Spatial Correlation - Existence

Existence

In an ideal communication scenario, there is a line-of-sight path between the transmitter and receiver that represents clear spatial channel characteristics. In urban cellular systems, this is seldom the case as base stations are located on rooftops while many users are located either indoors or at streets far from base stations. Thus, there is a non-line-of-sight multipath propagation channel between base stations and users, describing how the signal is reflected at different obstacles on its way from the transmitter to the receiver. However, the received signal may still have a strong spatial signature in the sense that stronger average signal gains are received from certain spatial directions.

Spatial correlation means that there is a correlation between the received average signal gain and the angle of arrival of a signal.

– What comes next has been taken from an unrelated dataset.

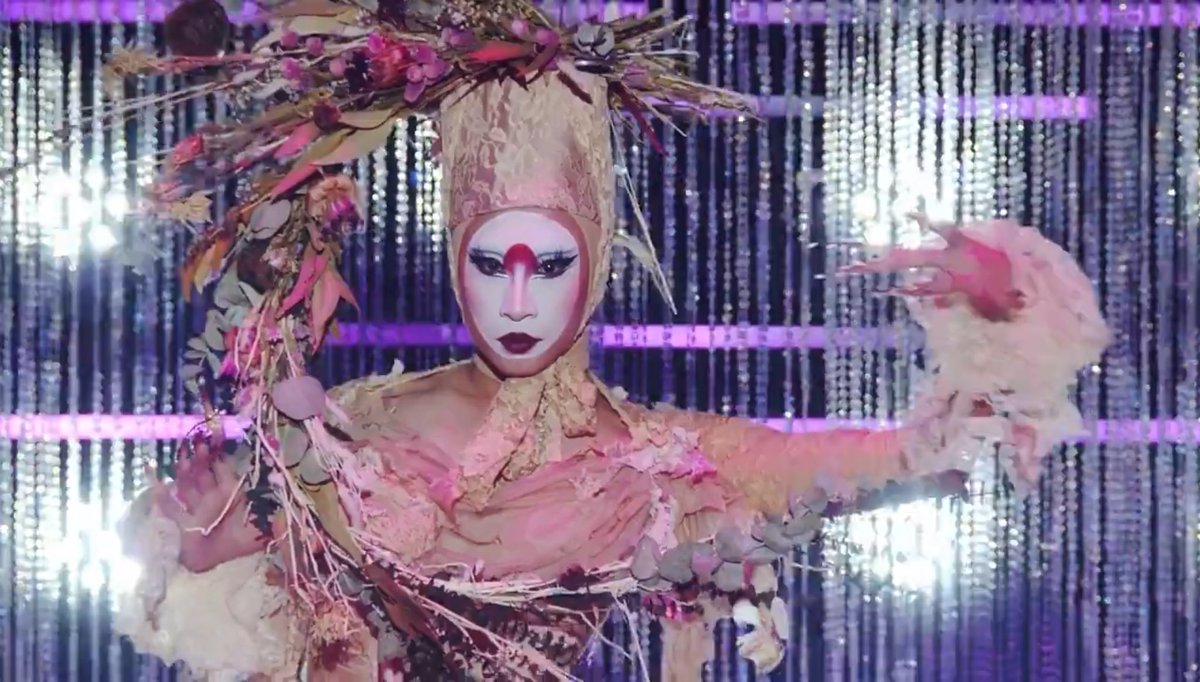 Flopping Snach Game and having a magnificent cultural runway hmm winner energy if you ask me #DragRace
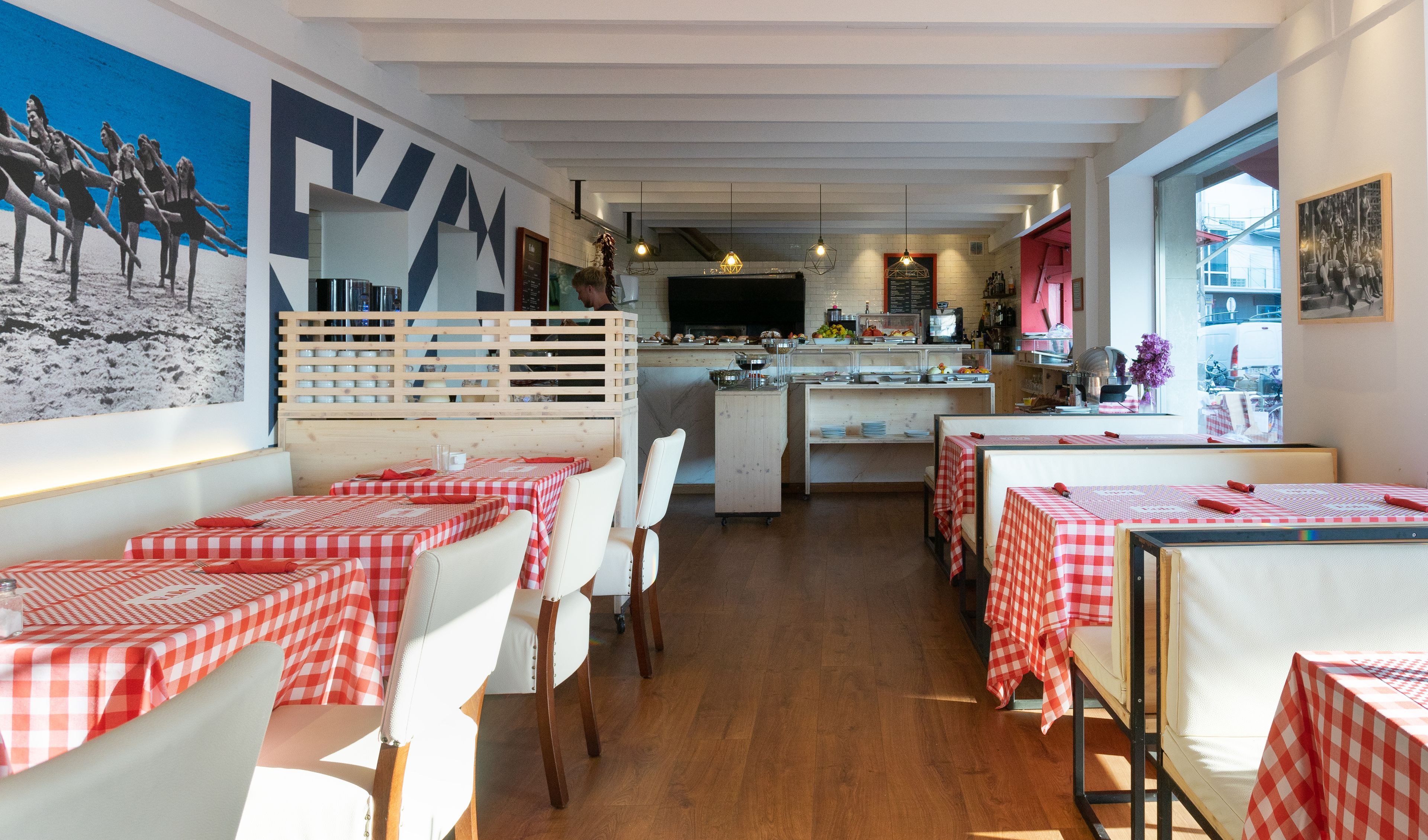 Breakfast area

Rich multipath propagation decreases the spatial correlation by spreading the signal such that multipath components are received from many different spatial directions. Short antenna separations increase the spatial correlation as adjacent antennas will receive similar signal components. The existence of spatial correlation has been experimentally validated.

Spatial correlation is often said to degrade the performance of multi antenna systems and put a limit on the number of antennas that can be effectively squeezed into a small device (as a mobile phone). This seems intuitive as spatial correlation decreases the number of independent channels that can be created by precoding, but is not true for all kinds of channel knowledge as described below.